2. Тератологические постановки
Пара сиамских близнецов, бородатая женщина, человек–слон, белый негр: в этих людях–диковинках смешиваются идентичности, соединяются оба пола, концентрируются родовые признаки, переплетаются расы. Театр монстров обличает нарушение — реальное или мнимое — законов природы[600]. Исключение из биологических норм, изменчивость жизненного процесса, репродукционные сбои; разнородность человеческой внешности, неустойчивость ее физической структуры, хрупкость человеческой оболочки: любопытствующие, стремящиеся сделать монстра объектом эксперимента, намерены составить перечень радикальных нарушений человеческого тела и разыграть на сцене балагана драму о жизненном порядке. «Живые» феномены: здесь следует понимать это выражение в буквальном смысле.
Существование монстров ставит под сомнение саму жизнь в том отношении, в каком она призвана обучить нас порядку. Мы должны, таким образом, увидеть в определении монстра его живую природу. Монстр — это живое существо в негативном значении. <…> Именно монструозность, а не смерть, является эквивалентом жизни[601].
Смущающее развлечение и странное представление — вот, однако, что могут предложить эти «живые существа в негативном значении». Не будем возвращаться детально к истории чувственного восприятия по отношению к человеческим уродствам[602], отметим лишь, что нет ничего удивительного в том, что именно ощущения ужаса и очарования все еще наиболее четко выделяются в рамках того перцептивного потрясения, которое вызывают тератологические развлечения рубежа веков: подтверждением этому становится «ужас», который переживает Валлес, «отвращение», испытываемое Тривзом, почти галлюциногенные ощущения Фурнеля.

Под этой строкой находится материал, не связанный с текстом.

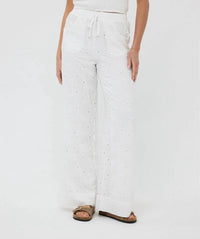Esqualo - Tania Embroidery Flowers Trousers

Но также известно, что для вчерашней публики встреча с обитателями балаганов стала рядовым явлением. Это ставит перед нами, как зрителями, ряд вопросов: как ужас превратить в увеселение, отвращение — в развлечение, страх — в наслаждение? Что искали у Барнума и на Тронной ярмарке все эти бесчисленные толпы? Все эти вопросы нам знакомы, разве что сегодня нам чаще всего приходится задавать их не в отношении тела, а в отношении восприятия знаков — кровопролития, кинематографических ужасов, некоторых форм телевизионной пошлости. И именно за этим несоответствием времени, объектов и чувств и таится ответ. Именно постепенное отдаление от этой тревожащей близости уродливого тела, попытки скрыть за знаками его радикальное отличие, изобретение способов его демонстрации, способных приглушить вызываемое им смущение, позволили этим телам — «страшилищам»[603] оказаться в ряду первых современных актеров индустрии массовых развлечений. Важнейшим моментом стало, таким образом, отделение самого момента встречи лицом к лицу с телом монстра, его непосредственного присутствия в поле зрения, его телесной близости со зрителем, от всех привычных и научных форм его демонстрации. Иными словами, необходимо отграничить монстра от его монструозности[604], а также уметь обнаружить своеобразие тела за многообразием других признаков.
Именно этому принципу следовал во второй половине XIX века и в первые десятилетия следующего столетия театр человеческой монструозности: разумеется, монстры из плоти и крови появлялись здесь, на сцене балагана, но уже можно было предугадать, на основе окружавших их декораций, изготовленных для них костюмов и подобранных для них ролей, что дистанция становится все больше и что тело и взгляды зрителей начинают разделять многочисленные знаки. В их неотвязном присутствии можно предощутить их скорое исчезновение.
Самих постановок стало больше. Монстры были везде, и прежде всего на театральных подмостках. На нью–йоркской Бауэри, на лондонской Пикадилли и на парижских Больших бульварах, везде, где бурлеск производил фурор, они играли свою определенную роль в водевилях[605]. Но кроме того, ради них создавались специальные постановки. Как правило, они относились к одному из двух типов: «экзотической» или «высококлассной»[606] форме, хотя не всегда было понятно, в какой мере эти формы вообще были необходимы.
Джунгли из папье–маше и прочие экзотические выдумки были призваны подчеркнуть анатомическую странность географической дистанцией и расовыми отличиями. Когда Чанг и Энг Банкеры, «восьмое чудо света», самые известные сиамцы столетия, в 1829 году сошли на берег в Бостоне в качестве трофея охотника за монстрами, вернувшегося из «сафари» по древнему Королевству Сиам, то устроители показов сочли недостаточным демонстрировать лишь их анатомическую уникальность: потребовалось для «разъяснения» окружить их полным арсеналом ориенталистских атрибутов, среди которых был даже питон в клетке[607]. Монструозность тотчас узнавалась в этой дикой декорации.